Hay dudas algo más que razonables de que ese clima de entendimiento se vaya a producir. El sistema político se ha embarcado en un proceso de polarización que hoy por hoy es la peor noticia para España. Entre otras razones, porque en un contexto de reforzamiento del poder de los partidos conservadores y de la extrema derecha, la posición de Pedro Sánchez en los consejos europeos quedará necesariamente debilitada. Moncloa debe ser consciente de ello, y por eso le cabe al presidente del Gobierno llevar la iniciativa para que la política exterior queda a salvo de la refriega.

Europa y Schumpeter

Lo que está en juego lo acaba de poner por escrito el gobernador del Banco de Francia en una carta enviada a Macron y a los presidentes de Asamblea Nacional y del Senado: Desde 1999, que es cuando echó a andar el euro, la distancia entre el crecimiento de EEUU (38%) y Europa (25%) no ha dejado de crecer. ¿La causa? Villeroy no tiene dudas y cita expresamente a Schumpeter: la innovación empresarial y tecnológica, es decir, la sustitución de la vieja economía por la nueva, no acaba de llegar. Europa vive de sus inercias.

O expresado de otra manera, Europa se ha quedado atrás, y también, por supuesto España, siempre mirándose al ombligo y fascinada con el último dato macro, pero incapaz de reflexionar sobre nuestra evolución como país en el último cuarto de siglo, con una preocupante pérdida de convergencia real con Europa. Villeroy remata su misiva con una idea sugestiva: la autoflagelación y el "sálvese quien pueda" no contribuyen en nada a promover el crecimiento económico.

Es verdad que hay pocos argumentos para creer que puede triunfar una visión de Estado sobre la política exterior, pero al menos cabría intentarlo. Lo dijo Raymond Aron en 1939: "Yo también creo en la victoria final de las democracias, pero con una condición: que quieran salir victoriosas".
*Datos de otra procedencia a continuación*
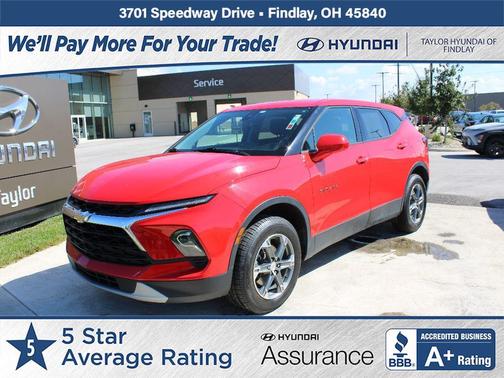 2023 Chevrolet Blazer 2LT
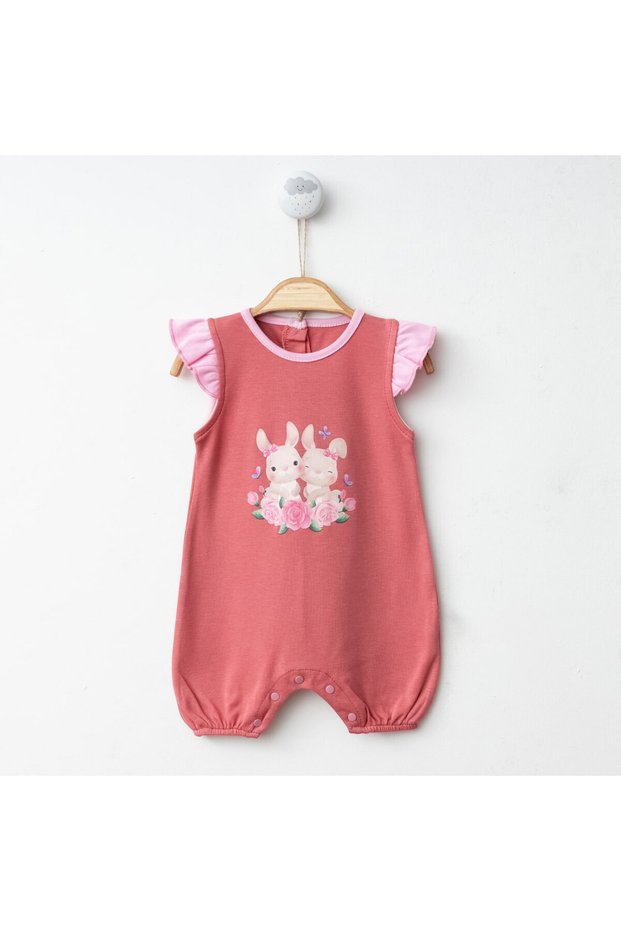Baby Boy and Girl Cotton Summer Shorts Jumpsuit Short and Long Sleeve Baby Romper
Ensimismada como está la política española en sus miserias internas, es probable que se le haya olvidado el contexto europeo. Tampoco es ninguna novedad. De hecho, ni siquiera España es una excepción. Solo hay una diferencia, y no es pequeña. Nuestras vulnerabilidades son mayores debido a un problema estructural de autonomía estratégica vinculada históricamente a nuestra dependencia exterior. No solo en el plano económico, sino, sobre todo, en lo relacionado con nuestra deficiente calidad institucional.